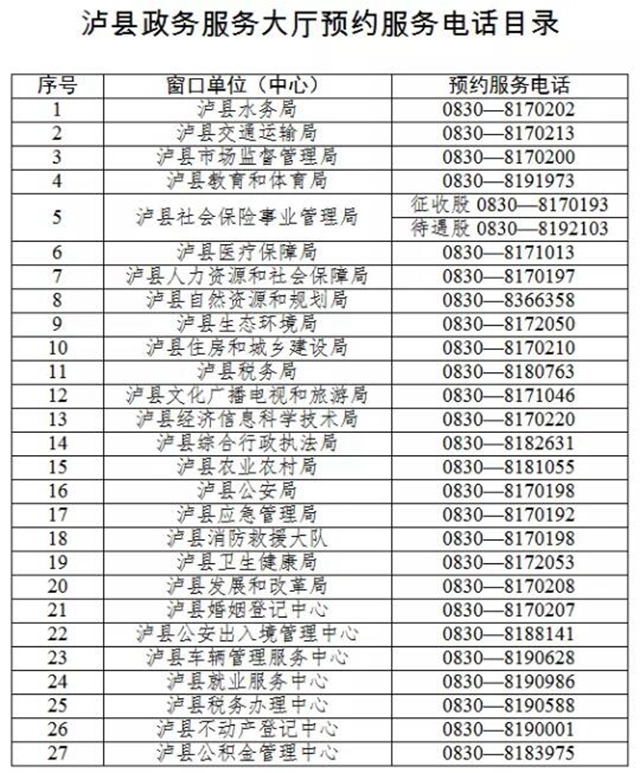 关于调整泸县政务服务大厅受理办理工作的通告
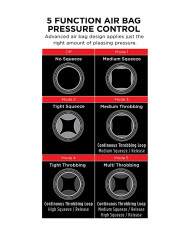 Cock Compressor Vibrating Stroker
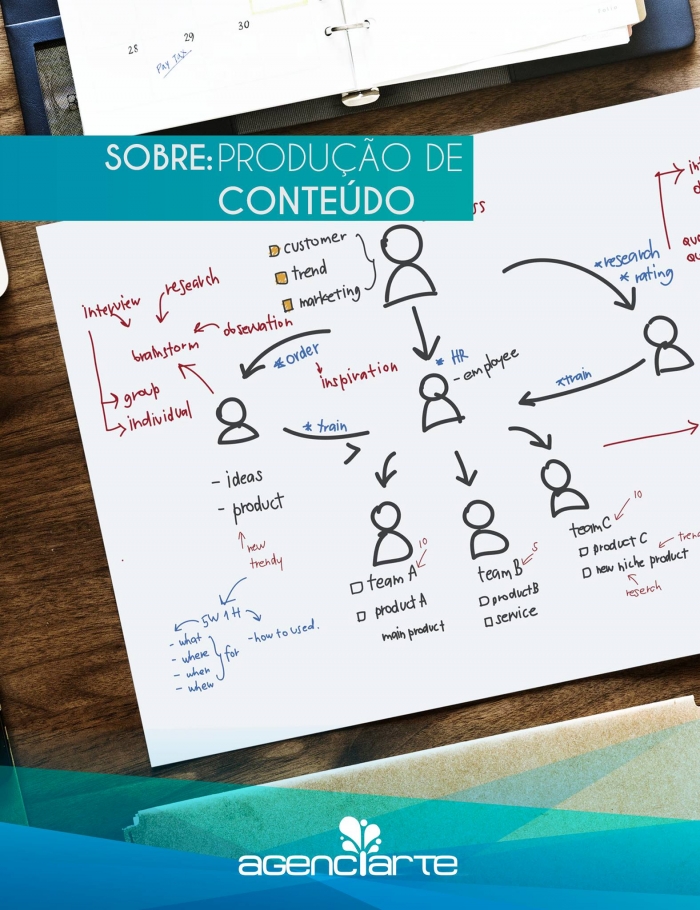 Produção de Conteúdo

┄┄┄┄┄┄

Exercise aim - Print the entire listing precisely as written, omitting the images it holds.

Written solution -
 关于调整泸县政务服务大厅受理办理工作的通告
 Cock Compressor Vibrating Stroker
 Produção de Conteúdo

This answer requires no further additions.